Les organisateurs n’ont pas oublié les jeunes sportifs en l’occurrence les jeunes des écoles de football de l’Etoile de Draâ El Mizan et l’école Abderrahmane Belkhodja qui vont jouer un match au stade Chahid Mohamed Boumghar.
En plus du sport, un gala artistique sera animé par des chanteurs invités pour l’occasion. Alors que la conférence programmée à la salle Le Maghreb sera animée par les moudjahidine de la région qui vont certainement revenir sur la nuit du 31 octobre au 1er Novembre 1954 quand de jeunes militants étaient désignés par le futur colonel Amar-Oumrane pour se rendre à Blida où des objectifs coloniaux ont été ciblés.
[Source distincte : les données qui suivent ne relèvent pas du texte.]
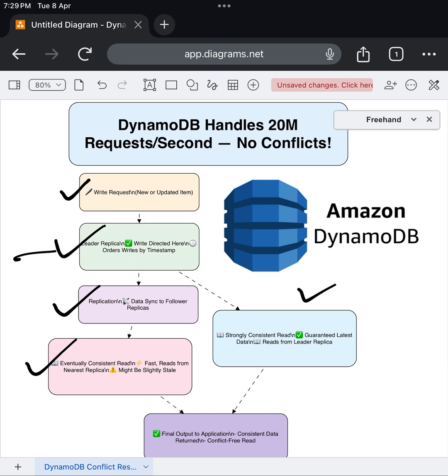This ensures you always get the most up-to-date data, even if it takes a millisecond longer. With strong consistency, you're guaranteed that what you see is the latest and most accurate state of your data.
On raconte même que dans la même nuit un citoyen activant aux côtés des colons a été assassiné à Draâ El Mizan. Si les activités s’étaleront du 29 octobre au samedi, le dernier jour est plus intensif. Il y aura en plus de la levée des couleurs devant la mairie, un dépôt de gerbes de fleurs au carré des Martyrs et un déplacement au musée Krim-Belkacem d’Aït Yahia Moussa.
Certes, c’est un devoir de mémoire qu’il ne faut à aucun moment oublier car c’est grâce à ces hommes et à ces femmes qui se sont donné corps et âmes qu’aujourd’hui le pays est libre. Mais, sans doute, il est temps de relancer le mémorial dédié aux cinq colonels de la région : Krim Belkacem, Amar Ouamrane, Ali Mellah, Mohamed Zamoum dit Si Salah et Slimane Dhilès (encore en vie) d’un côté, la réhabilitation du carré des martyrs qui est en nette dégradation quand on voit son état actuel d’un autre côté, et enfin la reconstruction de la stèle du 1er Novembre en face de la pompe à essence du centre-ville détruite accidentellement par un camion en mars dont les freins avaient lâché.